- WHAT IS NEEDED
Print the whole listing below exactly, skipping every picture.

- RECORDED INFORMATION

───

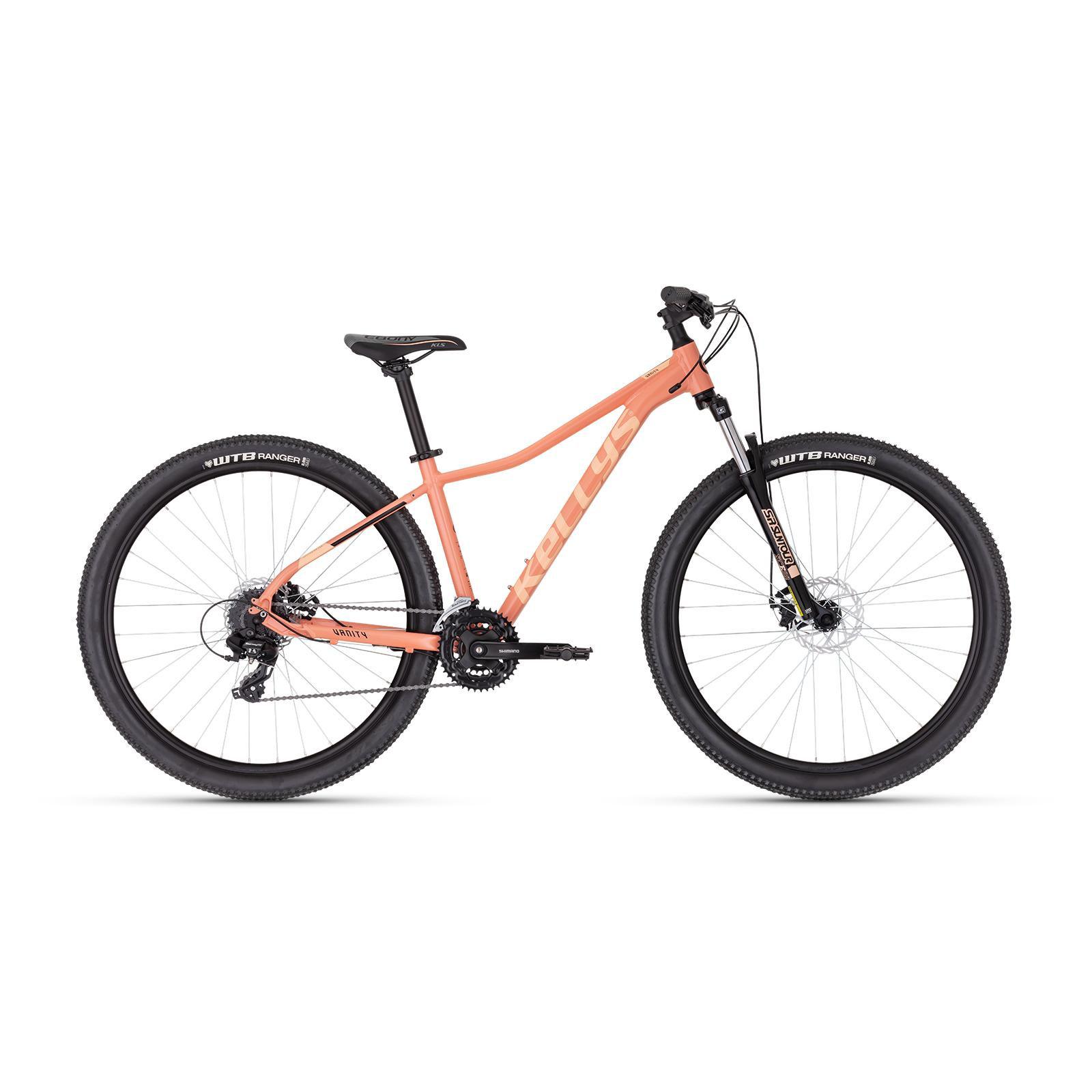 Damen Mountainbike Kellys Vanity 30 SHIMANO TX800 24V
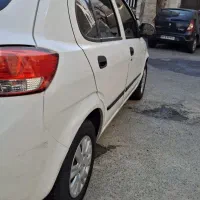 تیبا 2 مدل 97 معاوضه با 206 و رانا
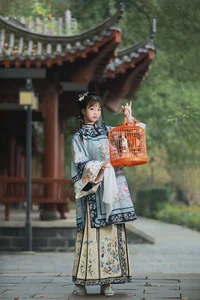 YiTuYu Art Language Vol.6618 Featuring Zhou Zhou AY Gallery - image 2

───

- THE ANSWER
 Damen Mountainbike Kellys Vanity 30 SHIMANO TX800 24V
 تیبا 2 مدل 97 معاوضه با 206 و رانا
 YiTuYu Art Language Vol.6618 Featuring Zhou Zhou AY Gallery - image 2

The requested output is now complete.